I've started a book that has turned out to be quite interesting. The book is called Quality Problem Solving by Gerald Smith. Now before you laugh at the fact that I found this interesting, hear me out. Being that I'm a member of the QA community, it is problems of quality that currently concern me. I find the book to be very realistic in its view of quality and problem solving in general, without any hokey aphorism's or a-b-c methods of solving problems. For instance, take this gem:

"The most common weakness in practical reasoning, as in problem solving, is incompleteness. Poor outcomes result not so much from the mistakes we make as from the possibilities we overlook."

Gerald starts the book with a very sober view of the word "quality" and how it has been manipulated and had its meaning raided by corporate vandals, citing TQM and other quality fads frequently. He rightly states that these movements had good principles and ideas behind them, and if used in the right context were very useful. However many were applied to solve every problem known to man and beast, and hence, fell out of favor after failure in those contexts.

He continues on to lay down a philosophical yet clear foundation for solving problems, discussing problem identification, problem definition, diagnosis, and alternative generation. He discusses these topics in general terms, and provides good examples for each.

The last part of the book applies the problem solving foundations to specific problems related to quality. I can't evaluate that part of the book, as I have not yet read it, but it looks promising. The TOC lists the topics of conformance, efficiency, product design, process design, and unstructured performance problems.

Basically what I'm saying is this book is good, and I recommend it.

Saturday, January 6, 2007

More learning materials

Continuing with the last past of highlighting good learning materials, I saw on Michael Howard's blog a post about online security sessions from the Microsoft TechEd IT Forum. It looks like pretty awesome material. There are videos profiling "real" hacking techniques live, Vista UAC internals, and Vista kernel changes.

For anyone in QA that will be working on Vista, these look like good resources.

Google London Test Automation Conference Video's

I realize that this is old news (September 2006), but I wanted to remind people that there are some fantastic videos available through Google Video. Specifically, the London Test Automation Conference video's being hosted. Some great stuff is covered if you have the time, including a video on Selenium (a programmatic cross-browser web GUI test tool), and distributed testing with SmartFrog.

These videos are highly recommended if you have the time and inclination.

Wednesday, January 3, 2007

Exploratory Eating

My girlfriend and I sometimes perform these food experiments. For one month, we do or eat something differently just to see what happens. For instance, we were vegetarians for one month. This month of January, we're cutting all sweets and desserts out of our diet.
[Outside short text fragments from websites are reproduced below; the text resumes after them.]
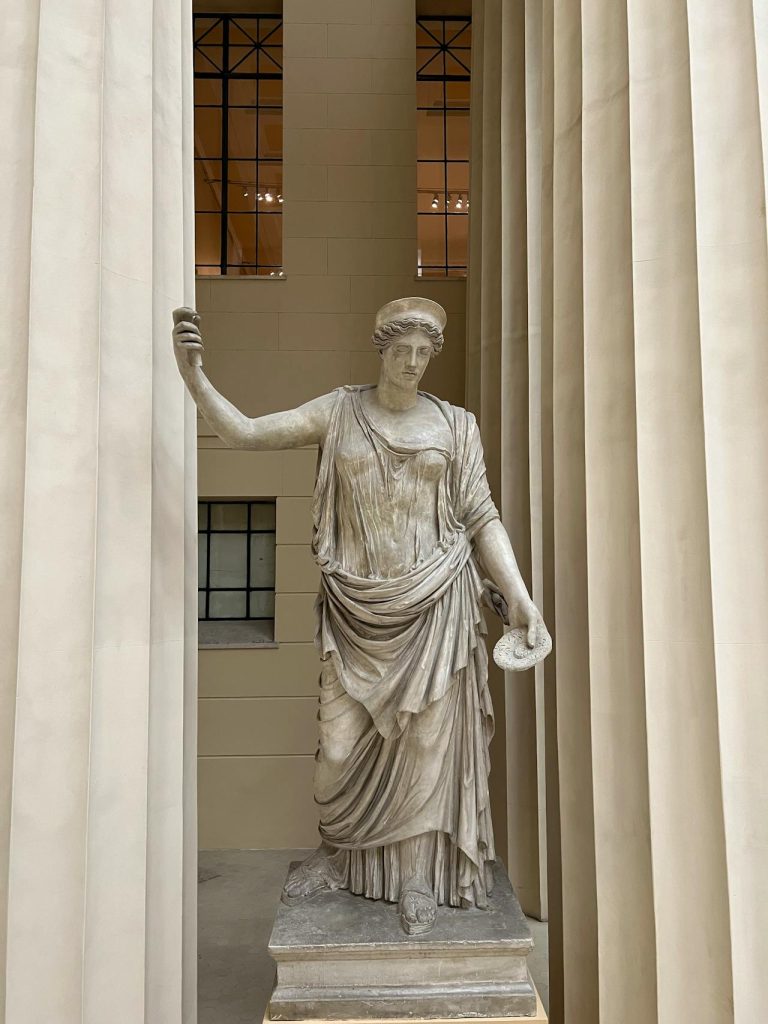 A statue of Hera in a Museum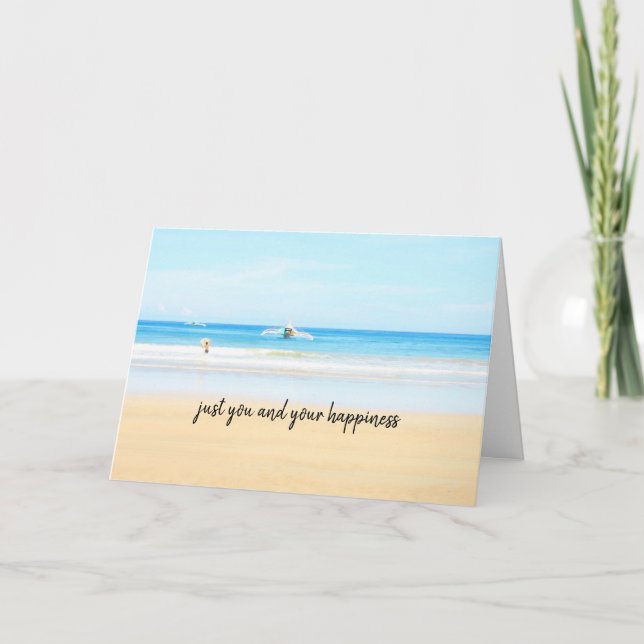 Just you and your happiness holiday card (Front)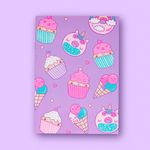 Libro-para-colorear-set-morado-serie-unicorn-Miniso-2-26612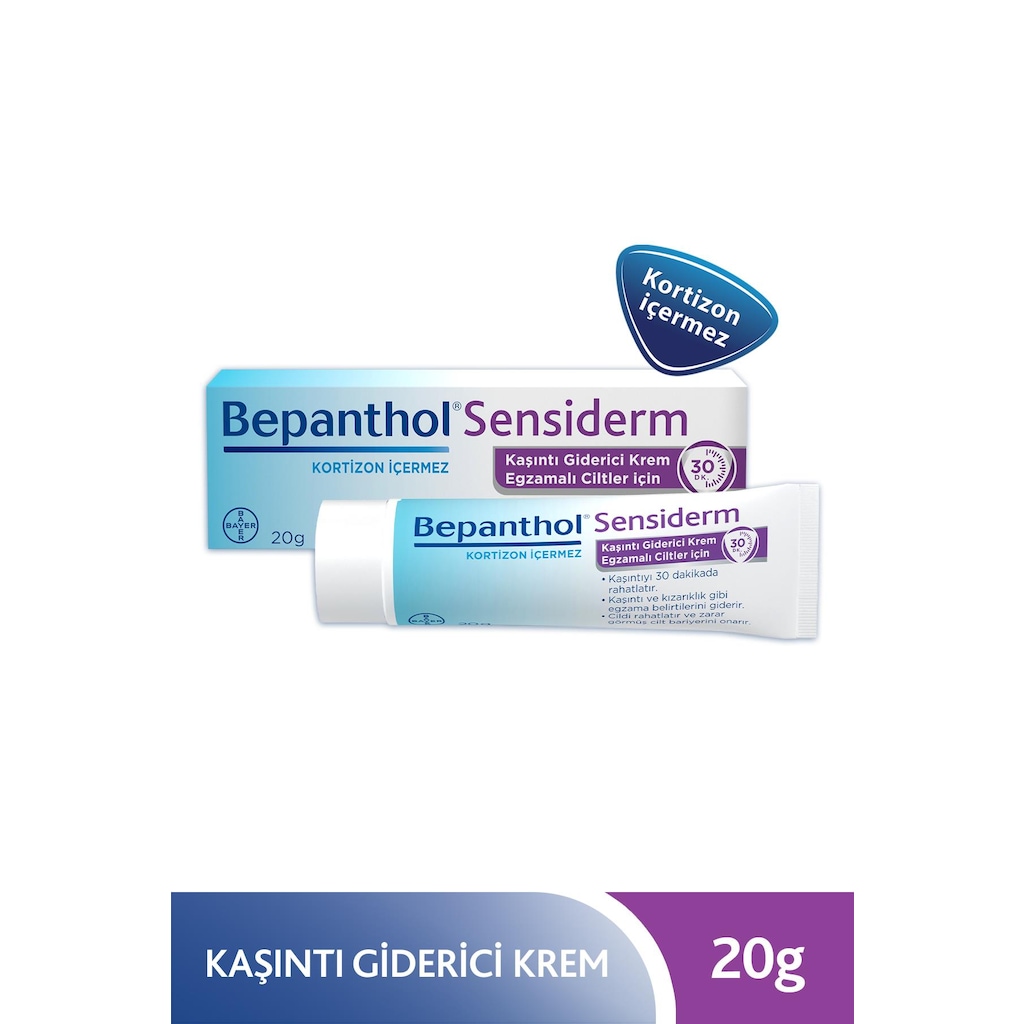 Bepanthol Sensiderm Kortizon Icermeyen Kaşıntı Giderici Krem 20 G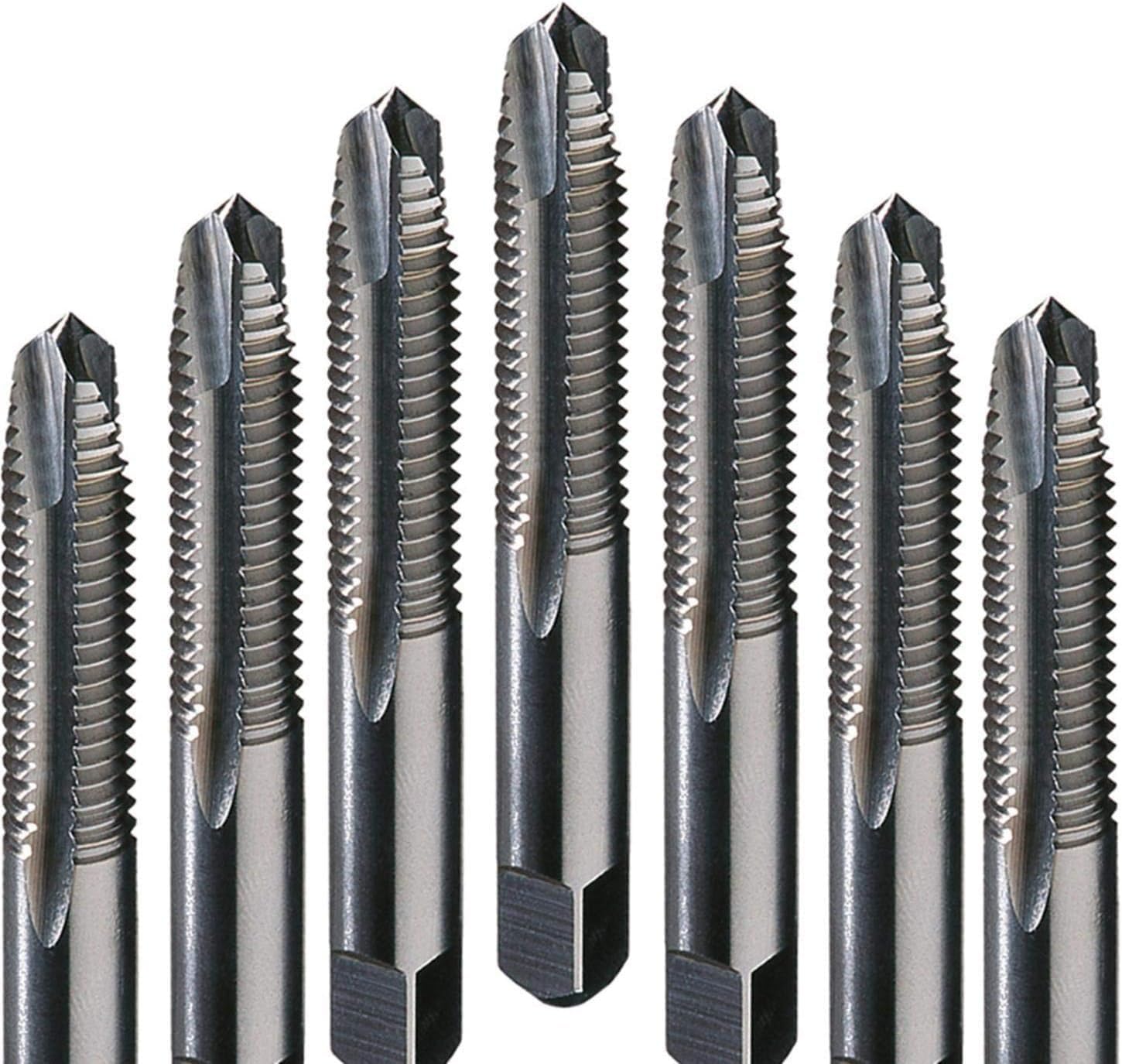 Dormer E268M50X1.5 Series E268 HSS-E-PM Straight Flute Machine Tap Metric Fine with Bright Finish, DIN374 Standard, MF50 x 1.50 mm Thread, 190 mm Length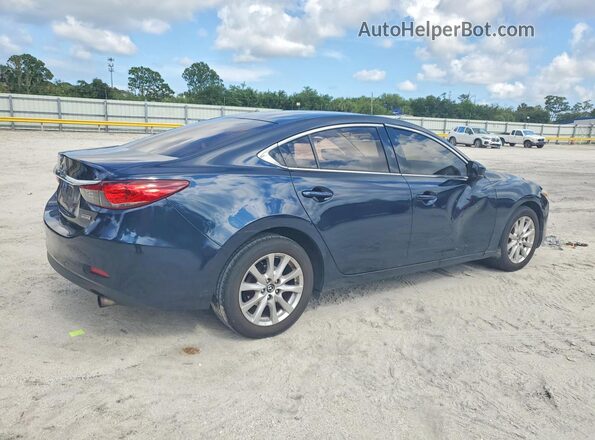 JM1GL1U53H1149431 2017 MAZDA 6 Синий Задняя правая четверть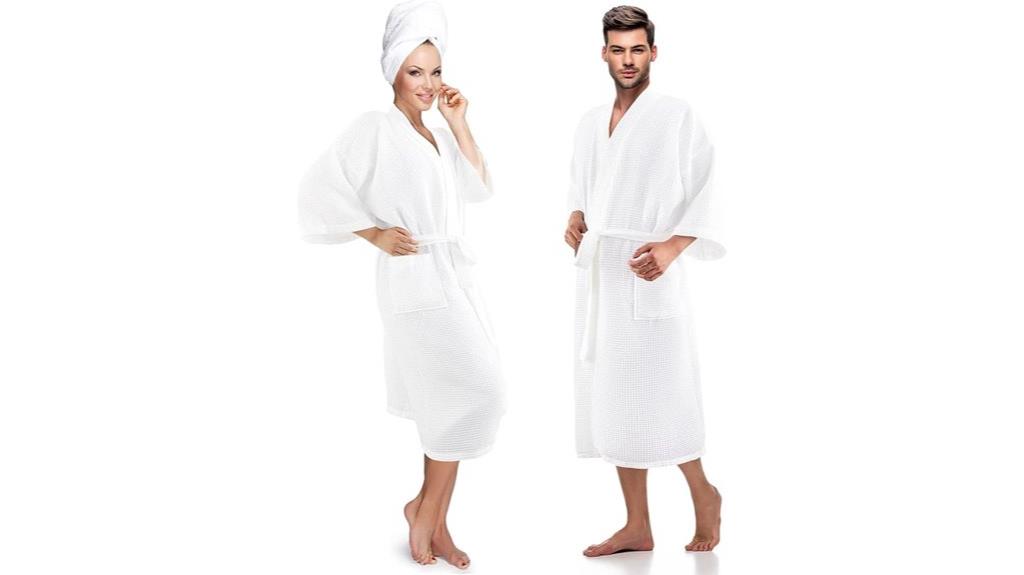 two piece waffle robe set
I guess these are more like body experiments. The point is just to see what happens when we change our diet. You can call it "exploratory eating". Do we feel more energized? Healthier? More tired? Is there no change?

The point I'm trying to make is that the testing mindset can (and should) be applied outside of software. Applying your skills in testing on your finances, health, and mental well-being could be a interesting (and possibly rewarding) experience.